- TASK MATERIAL:
----

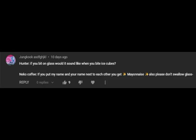If you've been on glass, what would it sound like when you bite ice cubes? If you put my name and your name next to each other, you get mayonnaise. Also, please don't swallow glass.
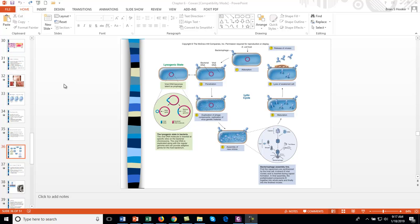This is the video lecture for microbiology or biology majors. This would substitute for the lecture that was missed on Thursday the 17th of January, and this is the first of two lectures.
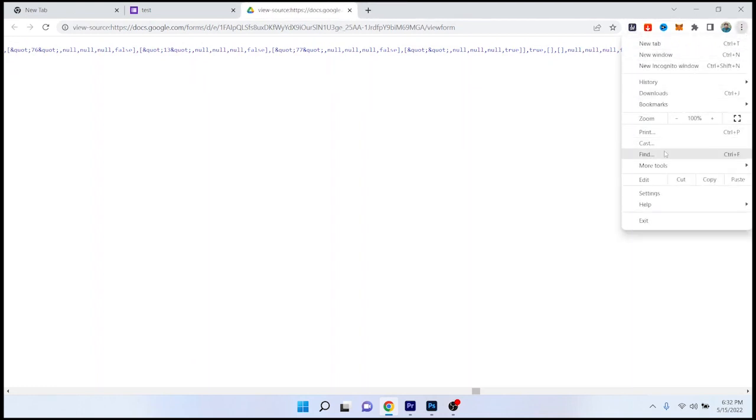And here you need to click on find and then you need to put your answer here. So I already put my answer here.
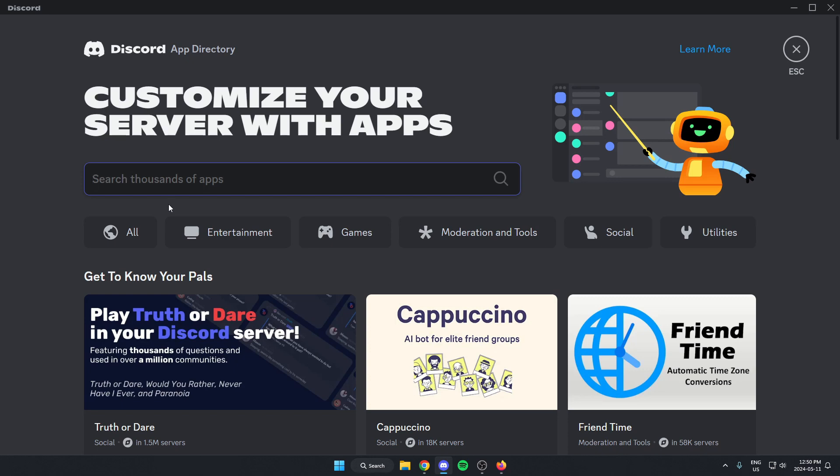Once we're in the app directory, you're going to see this search bar right here, and you're going to search for FlavaBot. Just like how I spelled it here, one word, and then hit enter on your keyboard to search.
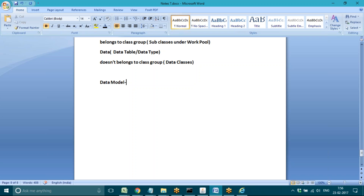The data model covers how records are inserted, how records are retrieved, and how to map to data tables. Everything comes under data model — inserting the data, updating the data, retrieving the data, and deleting the data. All of these operations fall under the data model category.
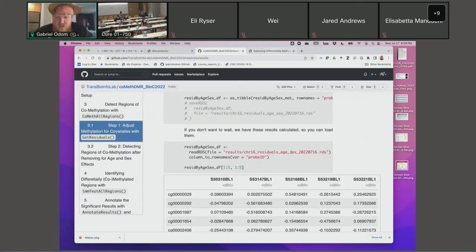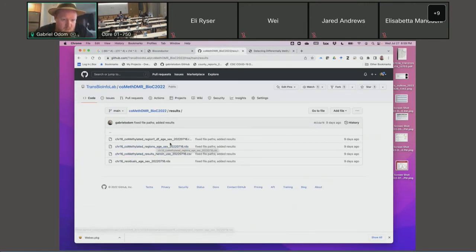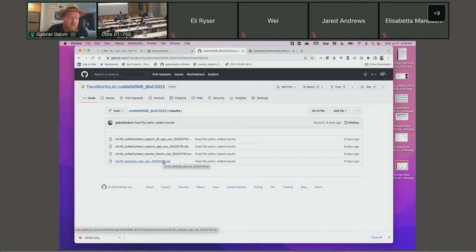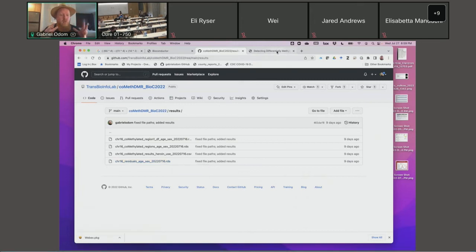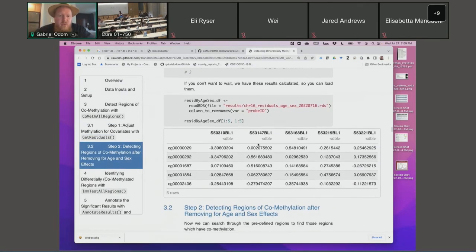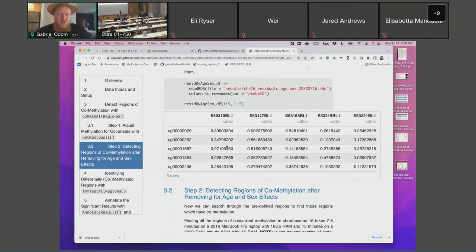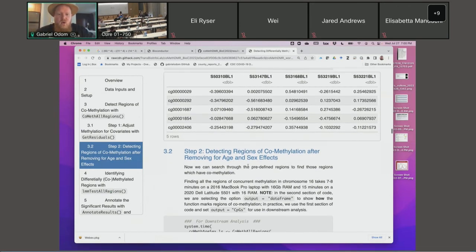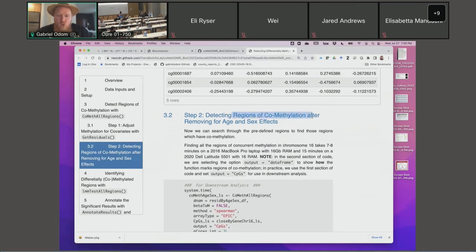So residuals by age and sex — that is this transformed methylation values data set. It's the residuals of the methylation, not the original. And that's what we want to do the clustering on — we want to see what the clustering looks like once we've controlled for how old they are and whether they're male or female. These are not methylation beta values anymore — these are residuals, in the M value space, so they can go from negative infinity up to positive infinity. And so we look for areas of co-methylation.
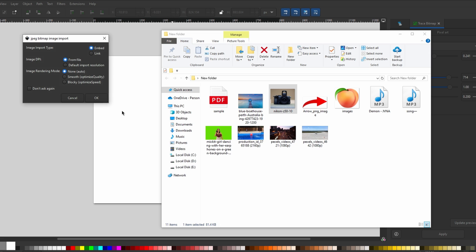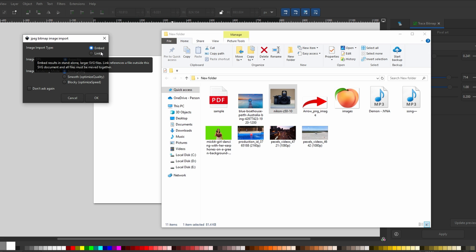Drag and drop your desired image into Inkscape. Ensure embed is selected and click OK.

----

- WHAT THE TASK REQUIRES:
Everything above from the line containing "This is the video" through the line containing "The data model covers" must be repeated exactly, and the pictures must be left out.

- ANSWER TO THIS PROBLEM:
This is the video lecture for microbiology or biology majors. This would substitute for the lecture that was missed on Thursday the 17th of January, and this is the first of two lectures.
And here you need to click on find and then you need to put your answer here. So I already put my answer here.
Once we're in the app directory, you're going to see this search bar right here, and you're going to search for FlavaBot. Just like how I spelled it here, one word, and then hit enter on your keyboard to search.
The data model covers how records are inserted, how records are retrieved, and how to map to data tables. Everything comes under data model — inserting the data, updating the data, retrieving the data, and deleting the data. All of these operations fall under the data model category.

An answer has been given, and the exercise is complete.